- **What is expected**
Leaving out the pictures, output each record exactly as it stands.

Scraped caption text data:
--- START ---

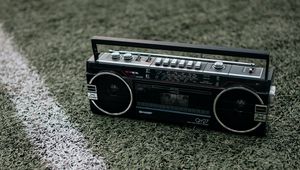 Preview wallpaper cassette player, retro, vintage, music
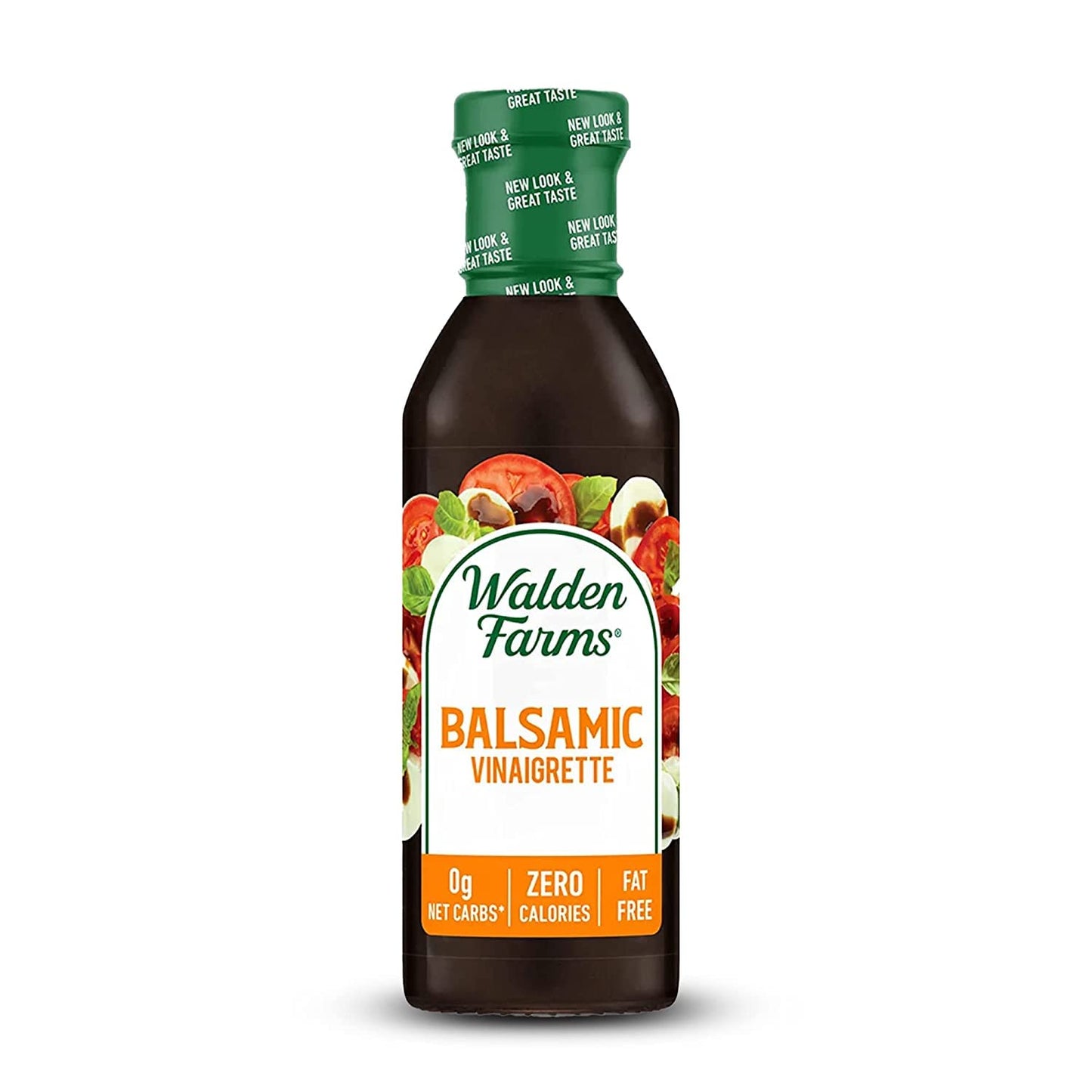 Walden Farms Balsamic Vinaigrette Salad Dressing, Calorie-Free, Gluten-Free, 12 Fl Oz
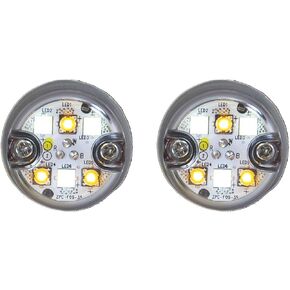 Buyers Products 8891327 Amber/Clear 6 LED Strobe Light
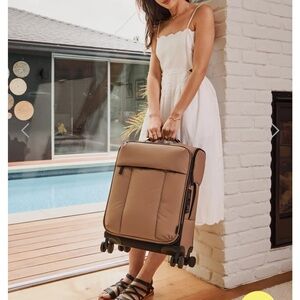 Calpak Luka Soft- Sided Carry On in Chocolate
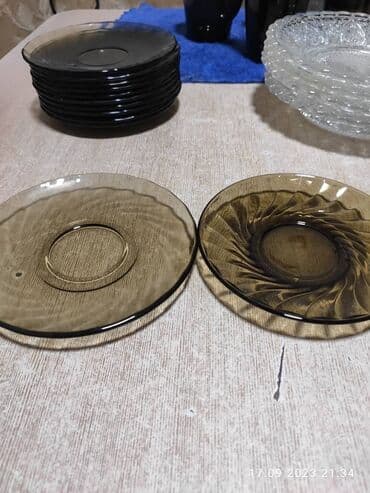 luminarc набор посуды: Тарелки десертные Luminark 6 шт поменьше 11 штук побольше за все 900 — 2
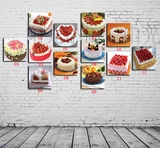 生日蛋糕店装饰画面包店糕点房壁画西式甜品店挂画欧式糕点无框画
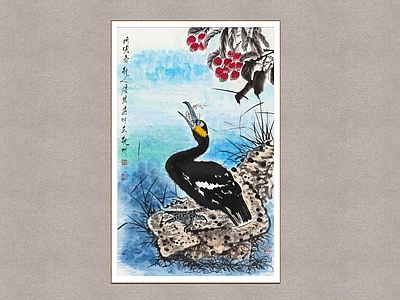 中式大利图 得利图 唐云 装饰画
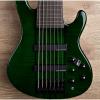 Custom Wolf 7 String active Jazz neck through Bass Transparent Green 2017 (3 of 29) #1 small image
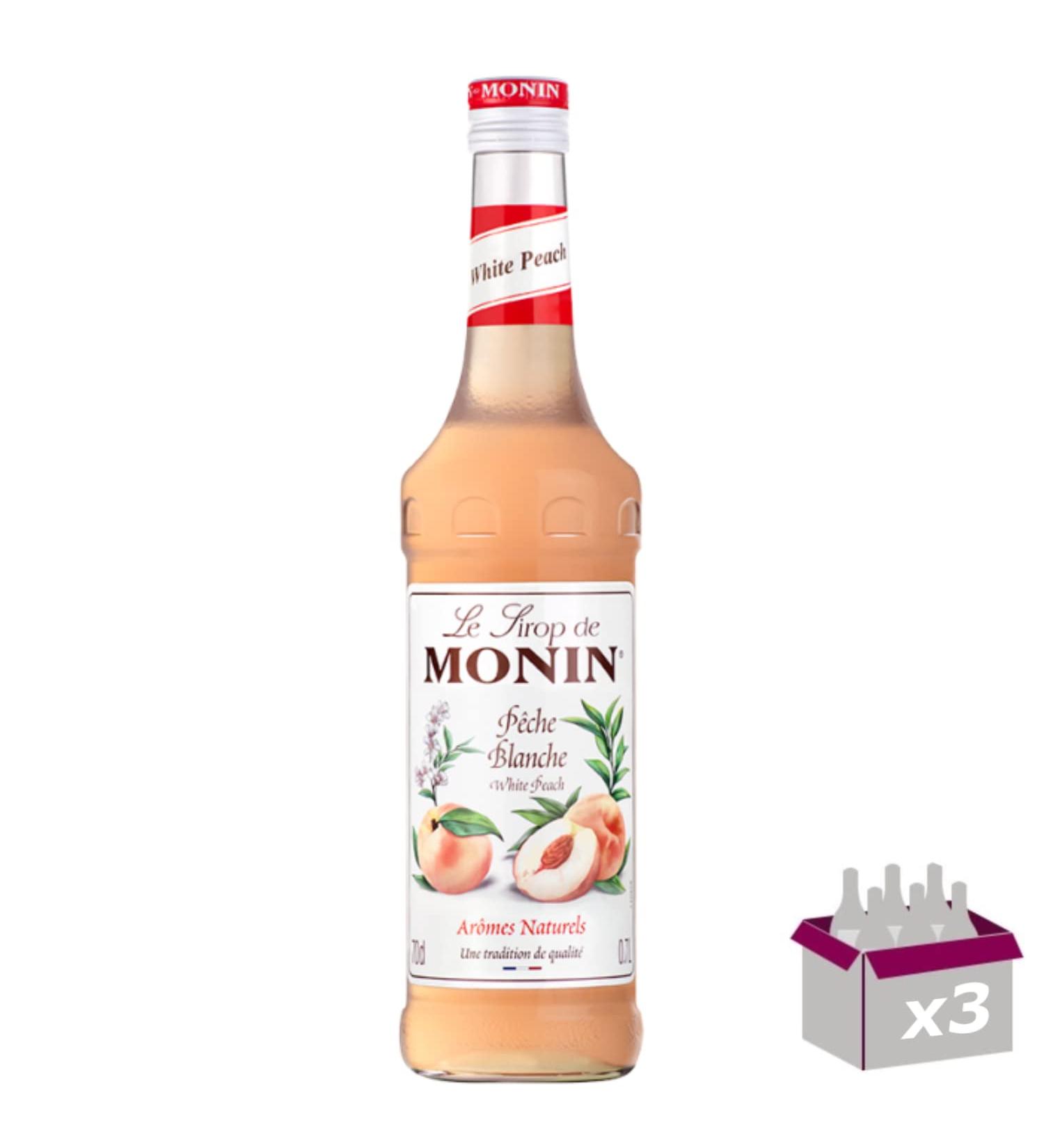 Set of 3 Syrup - White Peach - 70cl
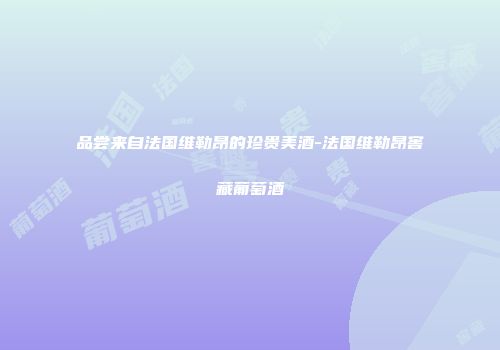 品尝来自法国维勒昂的珍贵美酒-法国维勒昂窖藏葡萄酒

--- END ---

- **Answer section**
 Preview wallpaper cassette player, retro, vintage, music
 Walden Farms Balsamic Vinaigrette Salad Dressing, Calorie-Free, Gluten-Free, 12 Fl Oz
 Buyers Products 8891327 Amber/Clear 6 LED Strobe Light
 Calpak Luka Soft- Sided Carry On in Chocolate
 luminarc набор посуды: Тарелки десертные Luminark 6 шт поменьше 11 штук побольше за все 900 — 2
 生日蛋糕店装饰画面包店糕点房壁画西式甜品店挂画欧式糕点无框画
 中式大利图 得利图 唐云 装饰画
 Custom Wolf 7 String active Jazz neck through Bass Transparent Green 2017 (3 of 29) #1 small image
 Set of 3 Syrup - White Peach - 70cl
 品尝来自法国维勒昂的珍贵美酒-法国维勒昂窖藏葡萄酒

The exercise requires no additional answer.